BEGIN DATASET EXTRACT

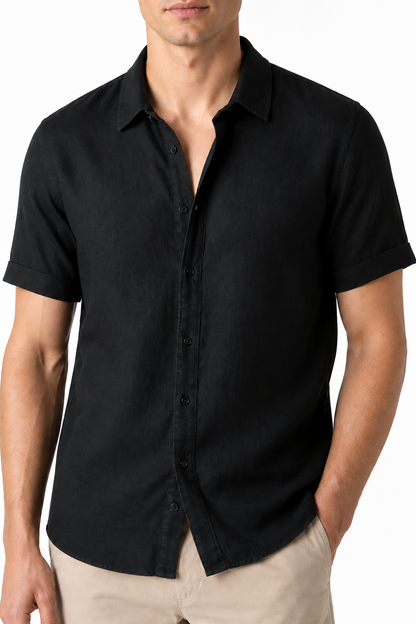 Ventorino Men's Button-Up Shirt Lightweight Linen Relaxed Fit | Ventorino in Black — garment and fabric detail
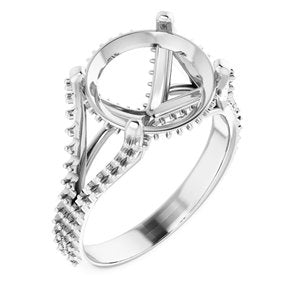 14K White Gold 11 mm Round Engagement Ring Mounting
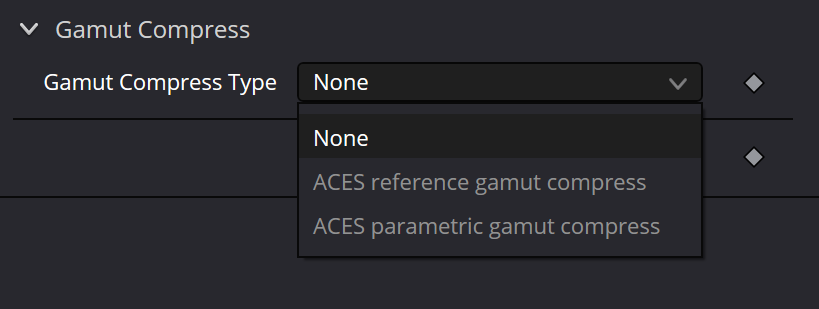 ACESTransform Gamut Compress Type menu: None, ACES reference and ACES parametric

END DATASET EXTRACT

Give back the whole listing exactly as it stands. No pictures belong in the copy.

_FINAL ANSWER_.
 Ventorino Men's Button-Up Shirt Lightweight Linen Relaxed Fit | Ventorino in Black — garment and fabric detail
 14K White Gold 11 mm Round Engagement Ring Mounting
 ACESTransform Gamut Compress Type menu: None, ACES reference and ACES parametric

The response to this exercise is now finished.